Three decades of patent jurisprudence have authoritatively recognized software to be a physical and structural component of patented machines.
The problem, Justice Stevens--
Justice Stevens: But do you... what is your view on whether or not software is a component?
Mr. Olson: --The... if I may answer that by saying that people use the word "software" in two different ways.
One of which, they use it as the intangible series of 1's and 0's.
We submit that the correct way to understand the word "software" is the physical manifestation of that what is called source code, which is made into object code, which is made into machine readable code.
Justice Scalia: Or at least the correct way to understand component.
Mr. Olson: It is the correct way to understand the--
Justice Souter: And the component then would be either a disk which is put into a computer or the portion of the hard drive to which the code is transferred.
Mr. Olson: --Yes.
As I understand it, Justice Souter, and I think the stipulations make this clear, there's a reference in the stipulations to encoded transmissions but there's a... but the parties also agree that's the same process as the golden disk.
The golden disk is sent abroad.
That is read by a machine and then the machine understands... it's almost as if you were to read physically any other type of document, read it to a machine.
The machine understands what is said, puts it into a physical manifestation on a disk or on a hard drive.
Many copies are made in that fashion.
They are installed in computers made abroad, sold to foreign purchasers.
Justice Kennedy: So are you saying that neither the source code nor the compilation are a component?
Mr. Olson: Of the foreign?
The language of the statute is the foreign manufactured product.
Those are the computers that are sold abroad.
It is our position that the only components that are in issue in this case are the physical manifestations of the object code on a hard drive or on a disk.
Justice Kennedy: So that neither the source code nor the compilation are a component, save as, the compilation is put on a disk?

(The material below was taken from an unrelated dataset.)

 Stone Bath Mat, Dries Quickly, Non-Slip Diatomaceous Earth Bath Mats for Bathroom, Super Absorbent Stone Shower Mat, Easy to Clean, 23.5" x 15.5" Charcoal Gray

Mr. Olson: That's correct.
And the... the thing that's on the disk in the foreign--
Justice Kennedy: That seems odd.
I mean, Microsoft doesn't say please buy our disk because it's the prettiest disk in the business.
Mr. Olson: --Justice Kennedy--
Justice Kennedy: It says buy our program because the program means something.

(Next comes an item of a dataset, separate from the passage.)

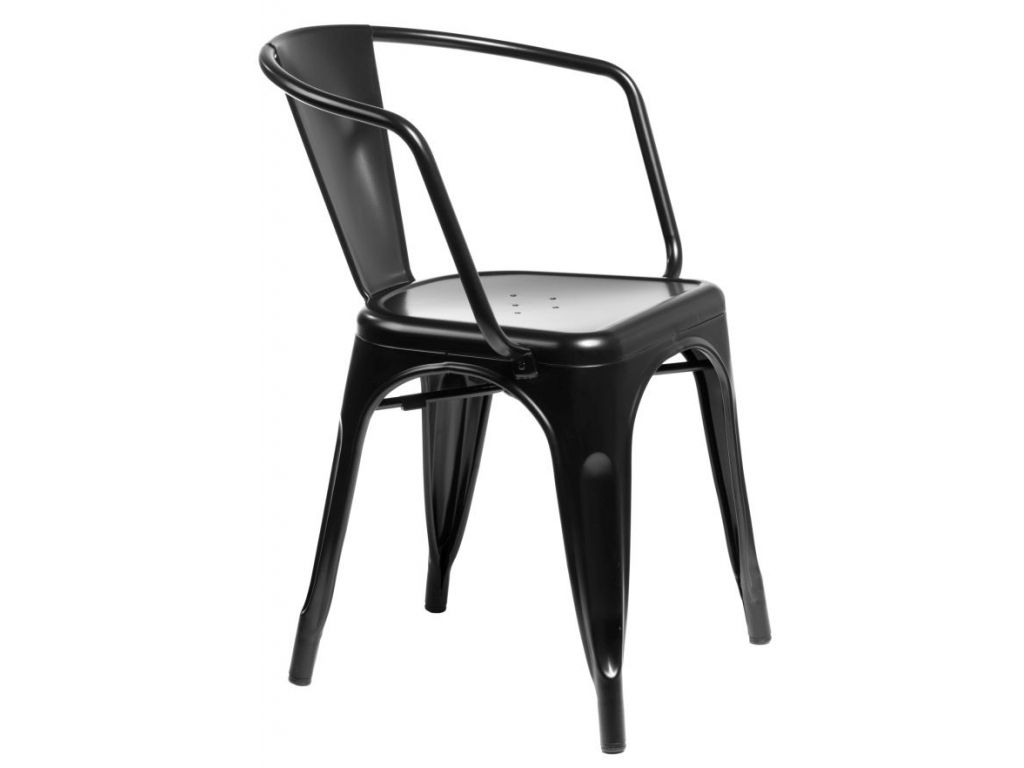 Jídelní židle Paris Arms inspirovaná Tolix černá  - 96design.cz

Mr. Olson: --But the program is nothing until made into a physical manifestation that can be made by the computer.
Justice Stevens: What is patented?
Is the physical object patented or is the software patented?
Mr. Olson: The AT&T patent--
Justice Stevens: Right.
Mr. Olson: --The '580 patent is a program, as I understand it, that's married to a computer, has to be married to a computer in order to be patented.

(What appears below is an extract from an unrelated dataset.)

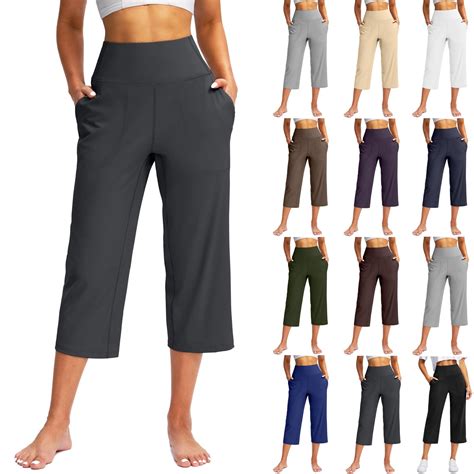JULMCOMO Capri Pants for Women Summer Wide Leg Capri Pants with Pockets ...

Justice Scalia: You can't patent, you know, on-off, on-off code in the abstract, can you?
Mr. Olson: That's correct, Justice Scalia.
Justice Scalia: There needs to be a device.
Mr. Olson: An idea or a principle, two plus two equals four can't be patented.
It has to be put together with a machine and made into a usable device.
The bind that AT&T is in here is that the components that make the machines run that are produced abroad are not supplied from the United States.
They are made in Belgium or Frankfurt or something.
Justice Ginsburg: That depends on what you consider the component.
They define component as including the, what you've been calling the abstract.
Mr. Olson: They have attempted, Justice Ginsburg, with respect, to have it both ways.
They've said that it is a physical and structural thing, something that's on the golden master disk.
And then they say it's just the binary code in the abstract, but that in the abstract never becomes a part of the computer.
Justice Ginsburg: What did the Federal Circuit say?
And I read the opinion a couple of times and it was, it seemed to me ambiguous whether the Federal Circuit was identifying the component as the object code itself or the master disk.
Mr. Olson: Yes.
I agree with you.
The Federal Circuit was ambiguous, in part because there were two separate decisions.
The court considered the component issue in the Eolas case and then when this case came along, said we've already decided the component portion of the statute; now we must decide the supplied from.
So the language which the Federal Circuit used is a bit confusing.
Basically what it said, though, is that the act of supplying embraces the act of copying.
That means that any, any company sending a machine or a patented product abroad, that that machine must be copied in order to be mass produced abroad.
It might be a pill.
It might be a mousetrap.
It might be a Buick.
That exact identical copy if replicated abroad does not violate the statutes, the patent laws, it doesn't constitute an infringement.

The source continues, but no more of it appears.